Behavioral activation: reducing incongruence (session 1)

Participants are introduced to core functionalities of the training in the first session, such as testimonials, diaries, videos, and the tiny tasks sent through the app. The first session aims at teaching techniques to reduce incongruence between individual perceptions and goals and thereby enhance psychological well-being. This concept is based on the consistency theory by Grawe (50). Participants are encouraged to explore their personal needs and values and work through ways to align their behavior and strengthen the corresponding life areas. Participants are encouraged to formulate individual treatment goals, thereby intending to strengthen motivation. The goals are to be realistic and concrete and can be modified throughout the training. Treatment success, progress difficulties, and individual coping strategies they might face can be documented in the activity diary.

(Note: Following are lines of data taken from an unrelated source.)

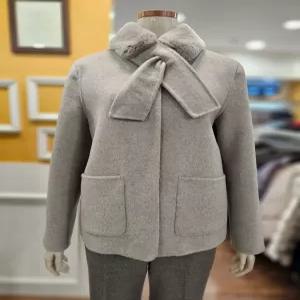 BCBG 싱글 탈부착 머플러 핸드메이드 코트 B5DAH821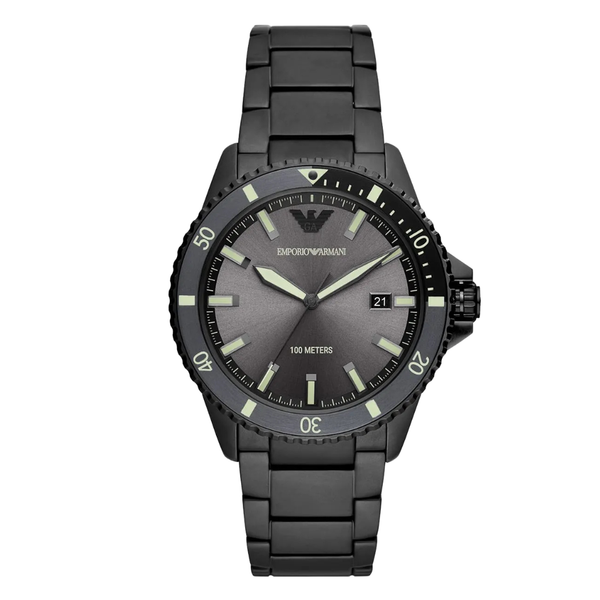 Emporio Armani Black Stainless Steel Grey Dial Quartz Watch for Gents - AR11398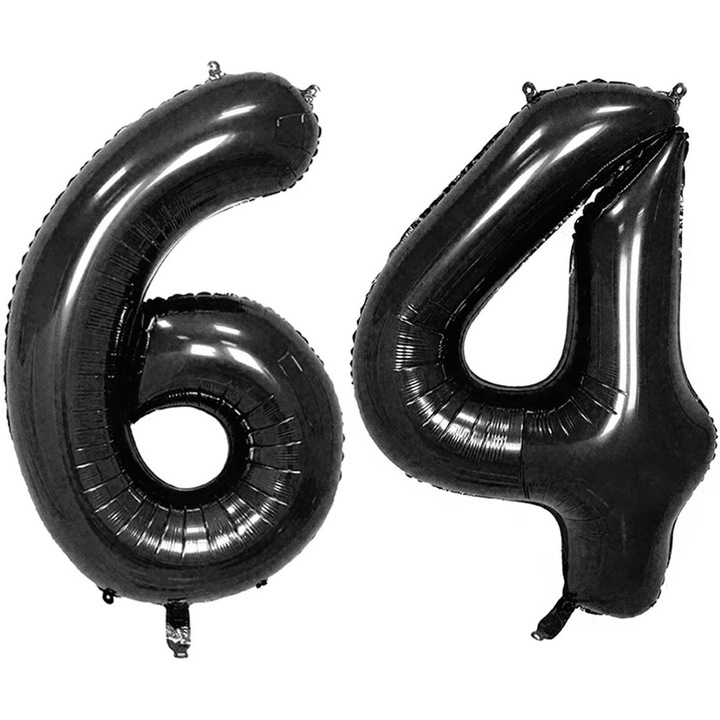 Set 2 baloane folie, WOW, Negru, aniversare 64 ani, 105 cm, Produs Petrecere Copii, Calitate Premium, WOW Shop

Behavioral activation: overcoming difficulties and pleasant activity scheduling (session 2)

The second session provides strategies to overcome difficulties concerning the active implementation of planned activities and offers input on how to reduce avoidant behaviors related to non-implementation of homework. As activities to restore congruence from session 1 might not be self-rewarding in the short-term, the second session also focuses on rather short-term mood-enhancing activities. Participants are encouraged to plan such individually chosen activities for the following week.

Psychoeducation (session 3)

Psychoeducational information on depression and anxiety is provided, and factors of etiology and maintenance are explained. To deepen understanding of depression and anxiety, influencing factors, risk factors, and factors of upkeep are presented. There is a short excurse on antidepressants. After a general overview, participants can choose throughout the session whether they would like to receive more detailed information on depression, anxiety, or both. Participants are encouraged to explore their previous and current symptom history, and describe the course of their symptomology.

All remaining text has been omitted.